Advisors will increasingly need to rely on networks of professionals in order to serve their clients. “Millennial clients ask tough questions out of left field,” Harvey said. “An advisor may have to go to an accountant, a lawyer or another professional to answer them.”

Holmes-Winton is seeing more advisors building teams within their practices, “with one person doing mortgages, another doing retirement planning, and yet another doing estate planning. And some are moving outside the financial services industry. We know an advisor who is working with an executive coach, and another who works with a practitioner of holistic medicine to offer clients complete ‘health’ packages.”

She also sees an increased reliance on assistants. “Advisors need to hire around them in order that the things they’re not good at get done. Single advisor practices – which still exist in droves – will not be able to compete without adequate administrative support. We try to get advisors to realize that trying to do everything themselves is counter-productive.”

Advisors can count on changes in the financial services industry in coming years, Helkie said. “Whatever I’m doing now will be different two years from now,” she said. “It’s a reality, and we need to embrace these changes for the positives they’ll bring. There’ll be conveniences down the road that don’t exist now.”

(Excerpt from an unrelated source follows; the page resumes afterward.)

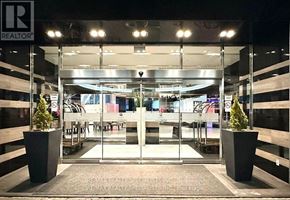 Toronto (Victoria Village) condo for rent - The entrance to a RE/MAX Realty office at night.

Ten years from now, the business of giving financial advice will be a very different one, List added. “I’m confident that financial planning will be a profession in law across Canada by then, with the certified financial planning designation the standard that will ensure that Canadians’ needs are met by people who are qualified and competent to provide them with financial advice. Making a living from product sales will be less the model than providing advice. We’re already seeing the shift with the phasing-in of CRM2 [the second phase of the Client Relationship Model that will provide investors with greater transparency in the fees they pay for financial advice].”